Wednesday, May 12, 2010

Pain

You know what I realized recently?

I do not want exercise to be hard. I don't want to hurt during OR after. I want to sweat a little bit, feel a rush of endorphins and be a little glowy.

Basically, I want to do Sit and Be Fit with the rest of the formerly-active octogenarians.

I am ashamed of this.

Last night I determined that if I want a hot bod (or even just a reasonably attractive, smaller-than-today bod), I'm actually going to have to actually bust my butt for it.

Einstein said that insanity was doing the same thing over and over and expecting different results. I've done weight watchers before and had great results, so that's okay.
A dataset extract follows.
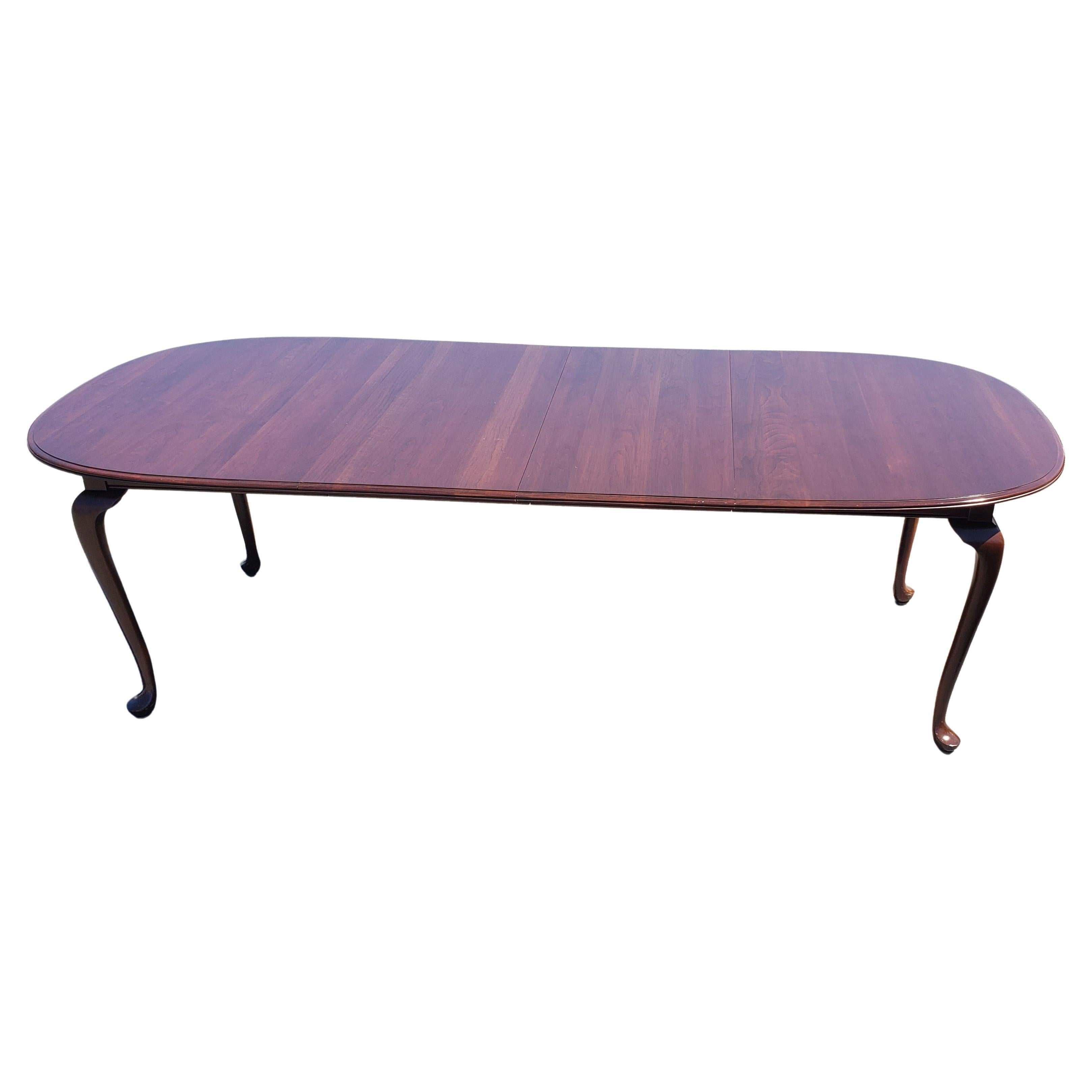 American Ethan Allen Solid Cherry Extension Dining Room Table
But my lazy-arse 40 minutes including cooldown 'cardio' is going to have to go.

So I turned to a source that I have always sort of loathed, and had until now defined as the complete opposite of what I want in a workout:



Tonight I completed the first level for the first time. Yep, everything I thought about Jillian Michaels is true: she is annoying, she is evil, she says stupid 'motivating' things like "you don't quit on me at the finish line" and it includes pushups, which I hate, and it is HARD.

My thighs, they freaking burn.

But it's different. And maybe this time, I'll get different results.
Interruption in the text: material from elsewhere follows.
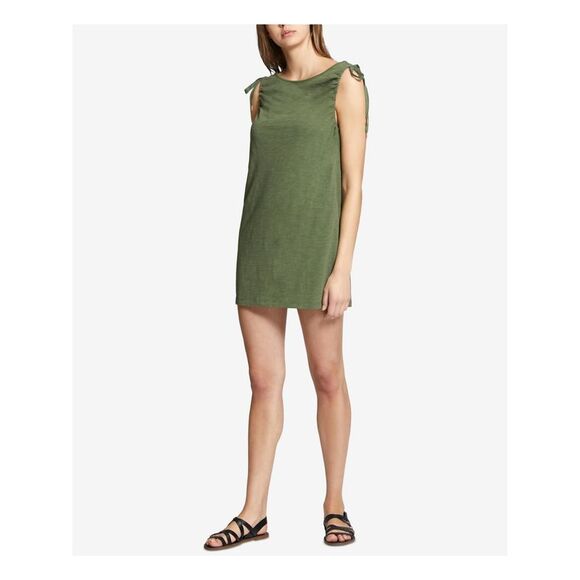 SANCTUARY Dresses & Skirts - SANCTUARY Womens Green Tie Jewel Neck Micro Mini Shift Dress XS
Or I'll collapse and die. But it's worth a shot.

2 comments:

Breanne said...

Bahahaha! I have this. I do this sometimes. I swear at her the entire time. I hate it when she tells me that there's no modifications for jumping jacks and even someone that's 400 pounds can do it. Bitch.

Meg said...

I tried your strategy of yelling f-bombs at the screen. It works!

I also hate that she says "phoning it in at the gym" abut a zillion freaking times.